=== Begin Enclosure ===
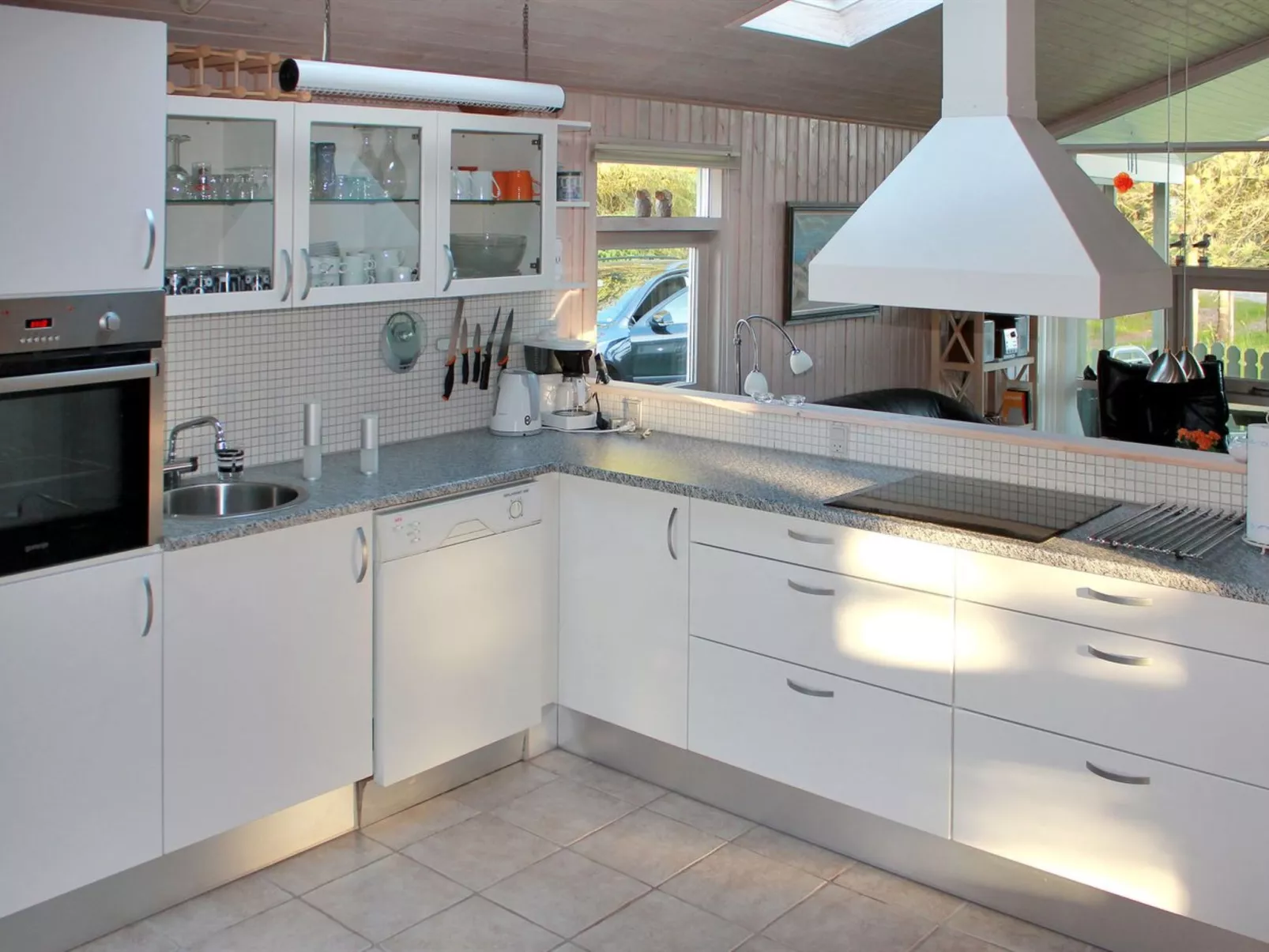 "Annick" - 300m from the sea-Binnen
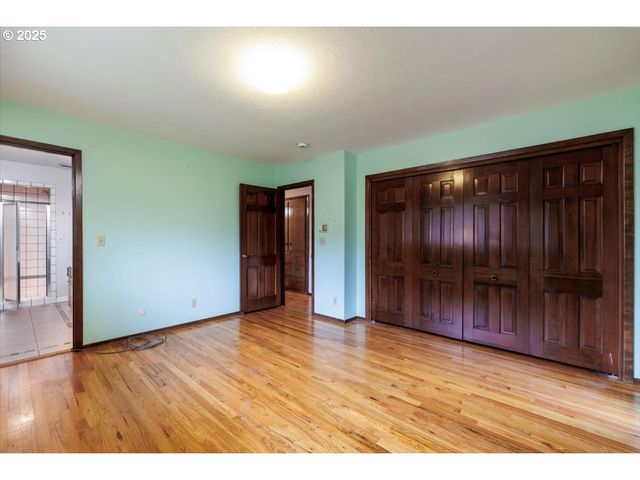 2335 Sw IMPERIAL Ct, Portland, OR 97225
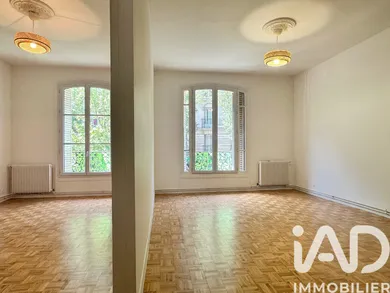 Apartment in Paris (75018)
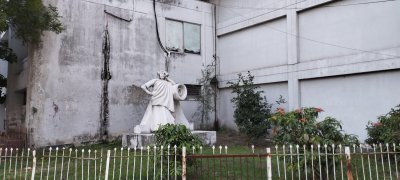 কাজী নজরুল ভাস্কর্য পড়ে আছে অবহেলায়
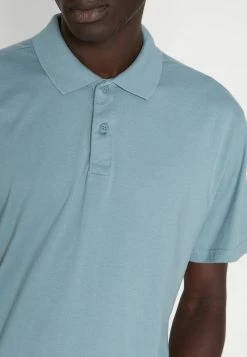Hollister Co. ELEVATED MUST HAVE - Poloshirt - Medium Blue | Herren -Hollister Geschäft d1f453f01bdc4d10a09f98425a2d5fc4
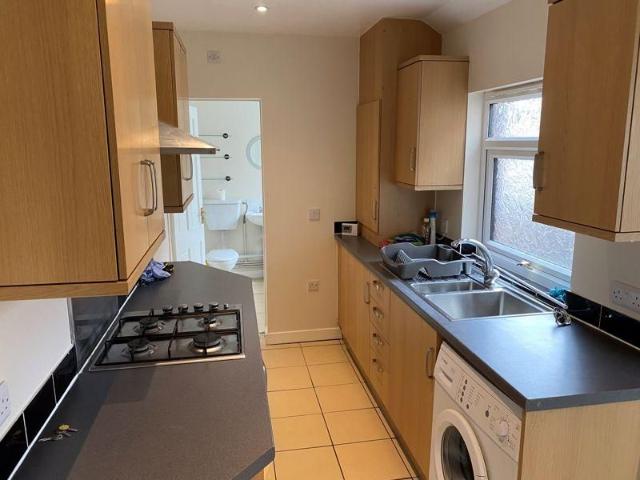 2 bedroom terraced house to rent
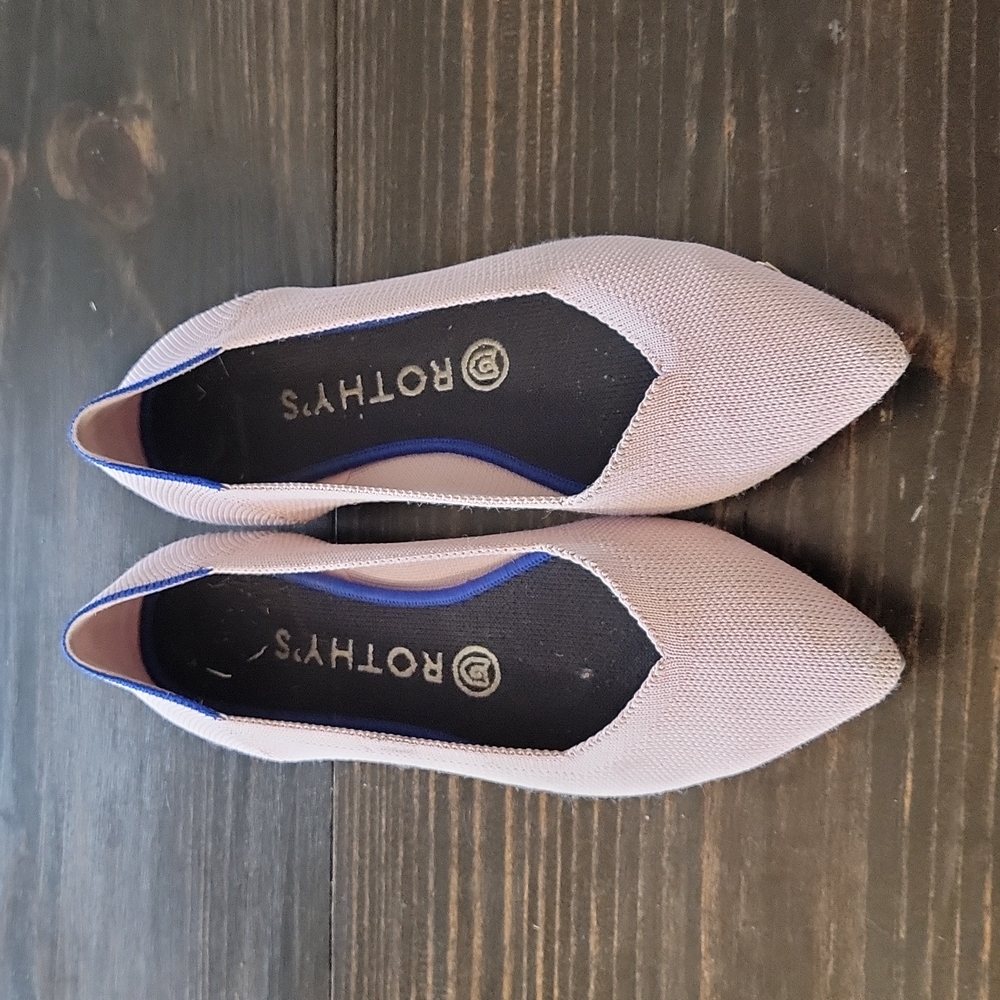 The Point Rothys flats Size 7 ballet pink
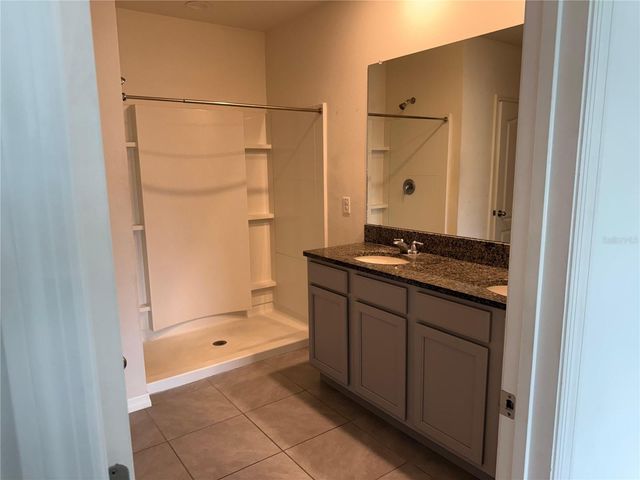 521 NICKEN GROVE, Davenport, FL 33837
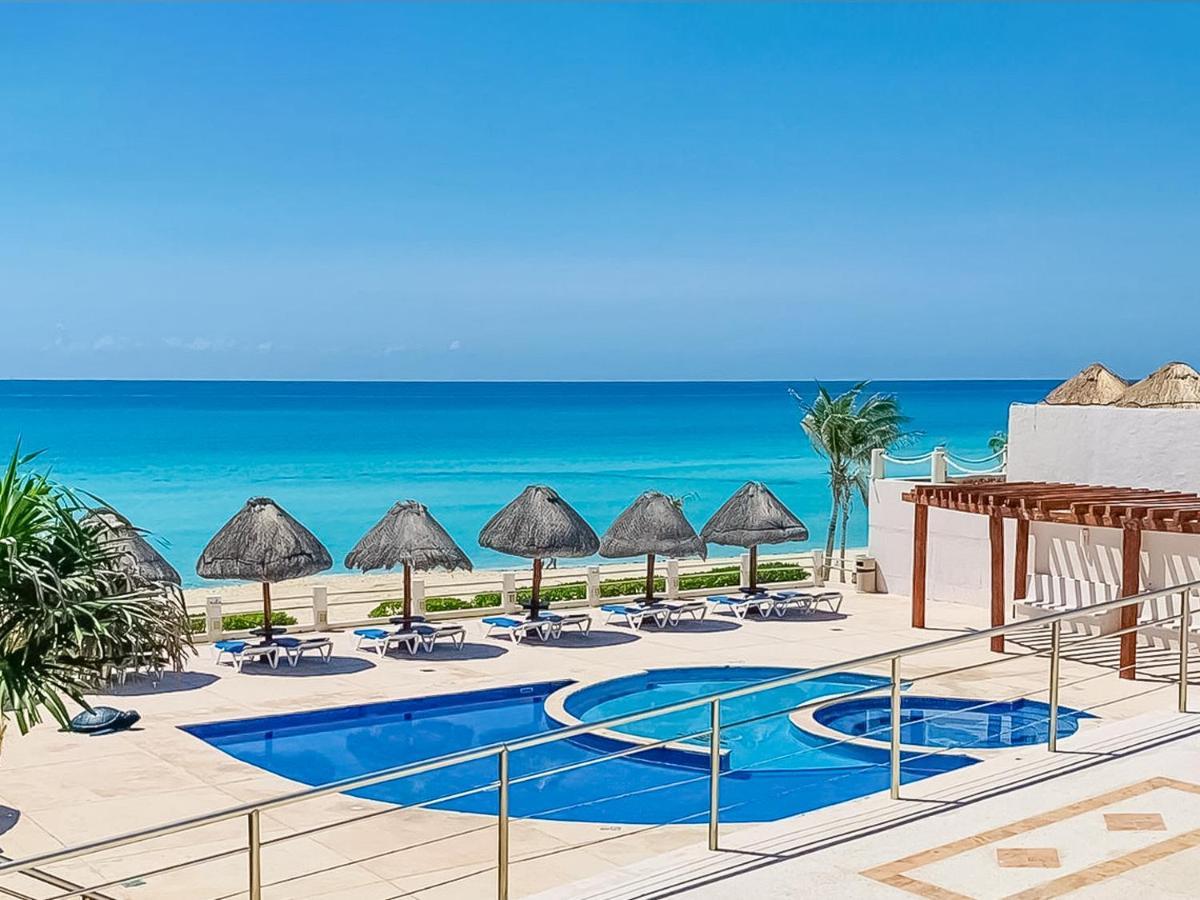 Villa Aurora Beautiful Beachfront Apartment Cancún Buitenkant foto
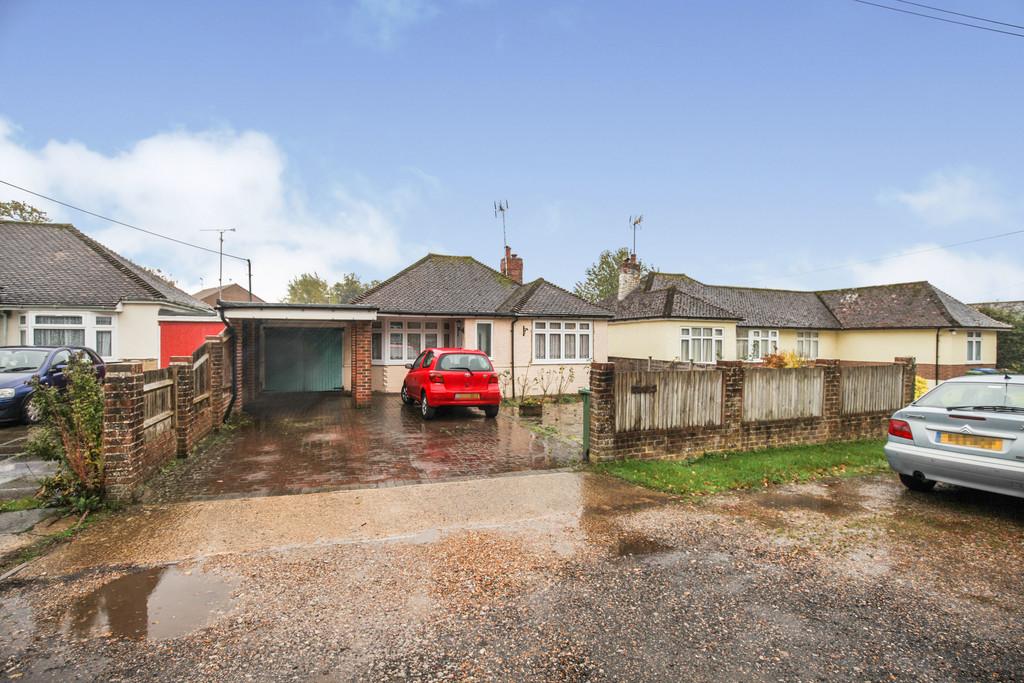 Worthing Road, Southwater 2 bed detached bungalow £375,000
=== End Enclosure ===
* Your goal *
A word-for-word copy of the entries above is needed, with every picture dropped.

* Task output *
 "Annick" - 300m from the sea-Binnen
 2335 Sw IMPERIAL Ct, Portland, OR 97225
 Apartment in Paris (75018)
 কাজী নজরুল ভাস্কর্য পড়ে আছে অবহেলায়
Hollister Co. ELEVATED MUST HAVE - Poloshirt - Medium Blue | Herren -Hollister Geschäft d1f453f01bdc4d10a09f98425a2d5fc4
 2 bedroom terraced house to rent
 The Point Rothys flats Size 7 ballet pink
 521 NICKEN GROVE, Davenport, FL 33837
 Villa Aurora Beautiful Beachfront Apartment Cancún Buitenkant foto
 Worthing Road, Southwater 2 bed detached bungalow £375,000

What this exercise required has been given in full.